Table 2: Clinical and histopathological characteristics of the most common types of renal amyloidosis
Type | Renal and clinical presentation | Renal compartment involved | Supporting/ confirmatory tests |
AL | Proteinuria, nephrotic syndrome, impaired kidney function
+/- cardiac amyloid |
Glomerular + Vascular > Interstitium | Light chain monoclonal gammopathy (usually lambda)
Light chain (usually lambda) restriction on IHC staining. Note: Light chain IHC stains only have a PPV of approximately 60% |
AA | Proteinuria, nephrotic syndrome, impaired kidney function
Inflammatory conditions i.e. rheumatoid arthritis, chronic infection, renal cell cancer, obesity |
Glomerular + Vascular > Interstitium | AA on IHC staining
Raised Serum Amyloid A and/or CRP |
ALECT2 | Often minimal proteinuria, impaired kidney function
Median age at presentation of 62-68 years Specific for certain non-Anglo Saxon ethnic groups (Egyptians, Hispanics, Indians and Pakistani) |
Interstitium +++ | IHC staining for LECT2 is reliable but not available in Australia
Mass spectrometry showing LECT 2 protein as the constituent amyloid protein is often required |
AFib | Proteinuria, impaired kidney function
Median age at presentation of 58 years No family history in >50% |
Glomerular +++ | IHC staining for Fibrinogen (not easily available in Australia)

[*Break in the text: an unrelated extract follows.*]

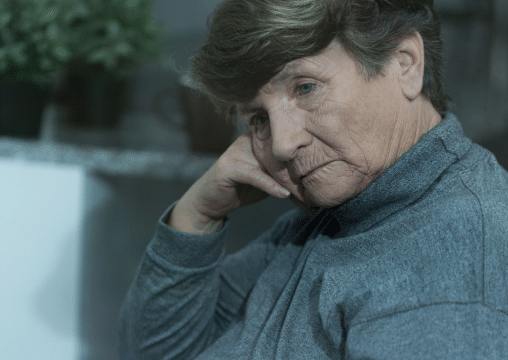 An elderly woman that is depressed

Mass spectrometry showing fibrinogen protein as the constituent amyloid protein is often required Genetic testing of the Fibrinogen exon of interest |
Key; AA= serum Amyloid A amyloid, AL= light chain amyloid, ALECT 2= leucocyte chemotactic factor amyloid, CRP= C reactive protein, IHC= immunohistochemistry, PPV= positive predictive value
Prognosis
KEY POINT
- The patient and renal prognosis varies according to the amyloidosis type
- Amyloid specific therapy is available for AL and AA
- Early treatment is crucial as deep suppression of amyloid synthesis is associated with organ responses and improved renal and patient survival outcomes
- Renal amyloid clearance can occur after disease modifying treatment, but achieving a renal response often takes more than 6 months after stopping the amyloid forming process
The patient’s overall survival and renal prognosis varies according to the;
- Type of amyloidosis
- Degree of renal involvement
- Availability and efficacy of therapy
The renal prognosis can improve with treatment as renal amyloid clearance can occur by the proteolytic breakdown of amyloid fibrils by phagocytic cells if amyloid production is stopped (or markedly reduced) by disease modifying treatment. This process is slow and achieving a renal response often takes more than 6 months after an effective reduction in amyloid synthesis. Disease modifying therapy and hence the chance of renal recovery exists for both AL and AA amyloidosis.
Supportive Care
The management of renal amyloidosis can be divided into disease modifying treatment and supportive care. Disease modifying therapy is described elsewhere on this website under each type of amyloidosis.
The supportive care of nephrotic syndrome is discussed in this section of the website and addresses;
- Fluid retention
- Thromboembolism
- Hyperlipidaemia
Generic supportive therapies for nephrotic syndrome are not always generalisable to patients with renal amyloidosis.
Renal replacement therapy is discussed and divided into;
- Dialysis
- Kidney transplantation
Palliative care (without dialysis) should be considered for those with poor prognosis and quality of life.
Renal supportive care is challenging and requires a cautious approach with constant review and adjustment.